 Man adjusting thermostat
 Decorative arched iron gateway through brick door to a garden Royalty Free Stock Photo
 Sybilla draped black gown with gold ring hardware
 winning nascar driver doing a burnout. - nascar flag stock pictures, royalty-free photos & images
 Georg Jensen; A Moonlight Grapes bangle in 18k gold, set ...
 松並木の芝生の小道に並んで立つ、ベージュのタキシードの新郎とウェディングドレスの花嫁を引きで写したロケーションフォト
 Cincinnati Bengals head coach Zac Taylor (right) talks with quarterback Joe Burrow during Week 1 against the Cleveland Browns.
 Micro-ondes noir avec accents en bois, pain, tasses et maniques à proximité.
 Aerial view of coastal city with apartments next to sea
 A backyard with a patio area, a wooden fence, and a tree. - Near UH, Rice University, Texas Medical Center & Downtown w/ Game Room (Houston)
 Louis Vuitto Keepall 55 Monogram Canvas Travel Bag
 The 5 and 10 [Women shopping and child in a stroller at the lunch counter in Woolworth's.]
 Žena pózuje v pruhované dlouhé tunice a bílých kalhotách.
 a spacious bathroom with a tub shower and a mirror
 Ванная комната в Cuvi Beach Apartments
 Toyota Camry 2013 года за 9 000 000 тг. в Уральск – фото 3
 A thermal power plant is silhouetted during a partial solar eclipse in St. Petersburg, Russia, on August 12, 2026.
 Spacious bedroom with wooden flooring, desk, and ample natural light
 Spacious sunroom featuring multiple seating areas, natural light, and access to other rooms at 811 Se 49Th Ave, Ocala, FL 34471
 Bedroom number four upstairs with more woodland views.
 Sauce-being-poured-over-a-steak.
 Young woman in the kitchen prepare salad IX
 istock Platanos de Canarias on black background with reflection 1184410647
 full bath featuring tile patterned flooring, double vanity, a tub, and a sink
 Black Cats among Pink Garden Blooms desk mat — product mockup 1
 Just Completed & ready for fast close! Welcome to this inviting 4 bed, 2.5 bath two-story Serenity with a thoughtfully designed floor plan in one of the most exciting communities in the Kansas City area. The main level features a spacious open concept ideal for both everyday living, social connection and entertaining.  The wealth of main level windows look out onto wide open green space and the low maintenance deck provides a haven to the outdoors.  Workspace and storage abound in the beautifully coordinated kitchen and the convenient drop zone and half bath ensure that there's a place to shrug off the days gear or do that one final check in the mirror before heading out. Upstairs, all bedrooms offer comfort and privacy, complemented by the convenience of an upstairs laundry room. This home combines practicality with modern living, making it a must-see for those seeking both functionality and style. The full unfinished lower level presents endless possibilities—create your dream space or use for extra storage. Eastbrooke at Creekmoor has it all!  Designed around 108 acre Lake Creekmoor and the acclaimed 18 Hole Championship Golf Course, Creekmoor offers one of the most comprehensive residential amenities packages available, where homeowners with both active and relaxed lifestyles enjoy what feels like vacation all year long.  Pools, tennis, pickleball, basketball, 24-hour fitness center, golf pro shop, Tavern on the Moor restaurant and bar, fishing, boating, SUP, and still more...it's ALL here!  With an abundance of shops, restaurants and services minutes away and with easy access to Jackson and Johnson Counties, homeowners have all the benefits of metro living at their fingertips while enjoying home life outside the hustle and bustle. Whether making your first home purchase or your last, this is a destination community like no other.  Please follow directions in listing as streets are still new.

......

Among the records above, repeat exactly the line with "Georg Jensen; A", the line with "Toyota Camry 2013", and every line in between, and only those.

§ TASK OUTPUT:
 Georg Jensen; A Moonlight Grapes bangle in 18k gold, set ...
 松並木の芝生の小道に並んで立つ、ベージュのタキシードの新郎とウェディングドレスの花嫁を引きで写したロケーションフォト
 Cincinnati Bengals head coach Zac Taylor (right) talks with quarterback Joe Burrow during Week 1 against the Cleveland Browns.
 Micro-ondes noir avec accents en bois, pain, tasses et maniques à proximité.
 Aerial view of coastal city with apartments next to sea
 A backyard with a patio area, a wooden fence, and a tree. - Near UH, Rice University, Texas Medical Center & Downtown w/ Game Room (Houston)
 Louis Vuitto Keepall 55 Monogram Canvas Travel Bag
 The 5 and 10 [Women shopping and child in a stroller at the lunch counter in Woolworth's.]
 Žena pózuje v pruhované dlouhé tunice a bílých kalhotách.
 a spacious bathroom with a tub shower and a mirror
 Ванная комната в Cuvi Beach Apartments
 Toyota Camry 2013 года за 9 000 000 тг. в Уральск – фото 3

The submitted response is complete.